Un calcul d’Agroscope de 2010 chiffre les frais d’investissement à près de 5000 francs par hectare. Il comprend les plants (10 000 pièces à 30 ct.), le travail du sol, le désherbage mécanique et chimique ainsi que les coûts de main-d’œuvre. Ces frais sont amortis sur 20 ans. Ueli Freudiger relève que les coûts ne s’élèvent actuellement plus qu’à 3000 francs par hectare grâce à la méthode des rhizomes.

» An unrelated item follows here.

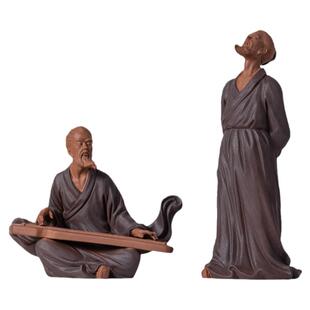 新中式禅意手工紫砂人物伯牙抚琴摆件家居客厅茶室桌面工艺品摆放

En principe, on estime qu’une culture peut rester en place 20 ans avant de devoir être remplacée. Les expériences de Ueli Freudiger montrent qu’une durée d’utilisation plus longue est aussi possible : la première culture qu’il a mise en place en 1990 fournit aujourd’hui encore des rendements élevés (voir photo).
Portrait
Agriculteur et entrepreneur de travaux agricoles, Ueli Freudiger exploite un domaine agricole de 27 ha à Gals, dans le Seeland bernois. Il cultive du miscanthus sur 340 ares, ainsi que de la betterave sucrière, du maïs et des céréales. Il emploie sept collaborateurs à l’année et jusqu’à 12 collaborateurs lors des pics de travail. Pionnier de la culture du miscanthus en Suisse, il s’investit aussi dans le développement de produits à base de miscanthus. Il collabore avec le Centre de formation et de technologie des matières plastiques (KATZ) dans le domaine des substituts au plastique et avec l’EMPA et l’ES Bois à Bienne dans le domaine de la construction.